Exercises in Type Theory

These exercises should help you get familiar with type theory as a language for writing down mathematical structures, constructions, statements, and proofs. If you are only beginning to use type theory, you will likely have many questions, as even simple notational conventions and basics will be new to you. We encourage you to work together with others, and to ask lots of questions!

You should try to solve the exercises on paper as well as with Coq (see the accompanying file Spartan_exercises.v). The paper is good for understanding and Coq is good for precision.

Exercise 1

For each of the following types, write down an element of that type, if it has one. If it does not have any elements, you should establish that this is the case. Recall the lecture: to show that A has no elements, we construct an element of A → empty.

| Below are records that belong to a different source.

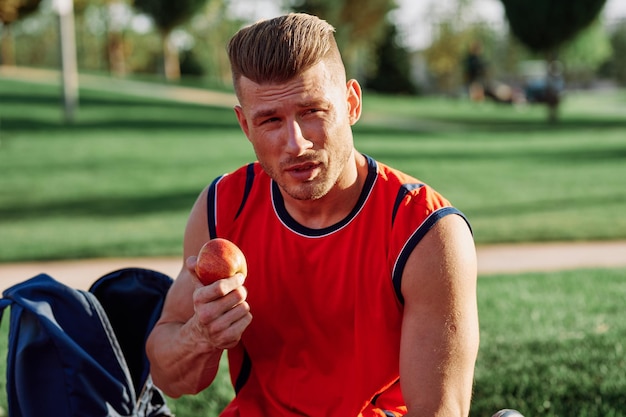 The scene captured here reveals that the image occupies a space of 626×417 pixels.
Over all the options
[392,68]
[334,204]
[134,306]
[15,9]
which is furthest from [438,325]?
[392,68]

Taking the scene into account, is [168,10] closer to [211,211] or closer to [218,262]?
[211,211]

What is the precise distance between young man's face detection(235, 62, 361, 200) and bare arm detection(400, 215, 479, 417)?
0.37 metres

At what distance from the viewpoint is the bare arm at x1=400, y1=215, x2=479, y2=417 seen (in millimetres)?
2277

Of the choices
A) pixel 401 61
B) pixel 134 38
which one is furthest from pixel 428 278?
pixel 134 38

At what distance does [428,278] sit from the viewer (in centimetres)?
228

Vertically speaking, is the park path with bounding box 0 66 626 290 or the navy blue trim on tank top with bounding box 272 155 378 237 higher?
the navy blue trim on tank top with bounding box 272 155 378 237

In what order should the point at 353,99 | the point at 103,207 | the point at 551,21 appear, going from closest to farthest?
1. the point at 353,99
2. the point at 103,207
3. the point at 551,21

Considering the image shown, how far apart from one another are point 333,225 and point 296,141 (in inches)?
11.8

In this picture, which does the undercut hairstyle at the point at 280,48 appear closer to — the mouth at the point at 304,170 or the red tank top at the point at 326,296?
the mouth at the point at 304,170

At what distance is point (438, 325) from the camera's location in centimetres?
228

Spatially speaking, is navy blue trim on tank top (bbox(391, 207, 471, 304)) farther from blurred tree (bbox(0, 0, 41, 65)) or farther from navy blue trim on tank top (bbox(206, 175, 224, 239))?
blurred tree (bbox(0, 0, 41, 65))

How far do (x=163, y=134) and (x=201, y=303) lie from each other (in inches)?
652

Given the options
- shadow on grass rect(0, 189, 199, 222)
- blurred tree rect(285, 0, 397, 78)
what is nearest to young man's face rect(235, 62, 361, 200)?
shadow on grass rect(0, 189, 199, 222)

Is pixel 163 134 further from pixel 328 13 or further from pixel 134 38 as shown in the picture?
pixel 134 38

  1. A × (B + C) → A × B + A × C, given types A, B, and C
  2. (A → A) → (A → A), given type A (for extra credit, write down five elements of this type)
  3. Id_nat (0, succ 0)
  4. ∑ (A : Universe) (A → empty) → empty
  5. ∏ (n : nat), ∑ (m : nat), Id_nat n (2 · m) + Id_nat n (2 · m + 1), assuming you have got arithmetic.
  6. (∑ (x : A) B × P x) → B × ∑ (x : A) P x, given types A, B, and P : A → Universe
  7. B → (B → A) → A, given types A and B
  8. B → ∏ (A : Universe) (B → A) → A, given type B
  9. (∏ (A : Universe) (B → A) → A) → B, given type B

Exercise 2

  1. Using the basic rules for natural numbers, construct addition on natural numbers.
  2. State associativity and commutativity of addition in a type-theoretic way.

Exercise 3

Write down the following types and elements:

  1. even natural numbers, and 4 as an element of this type
  2. prime numbers, and 7 as an element of this type
  3. functions A → nat with a given argument at which they are zero (set-theoretically this would be { (x, f) ∈ A × (A → nat) | f x = 0 }).
  4. pairs (m, n) of natural numbers such that m ≤ n, and (2, 4) as an element of this type.

Exercise 4

We say that a dependent type P : A → Universe is decidable if there is an element of ∏ (x:A), P x + (P x → Empty). Which of the following are decidable?

  1. P : bool → Universe, defined by P true ≡ unit and P false ≡ empty.
  2. P : nat → Universe, defined by P n ≡ Id_nat (n, 42).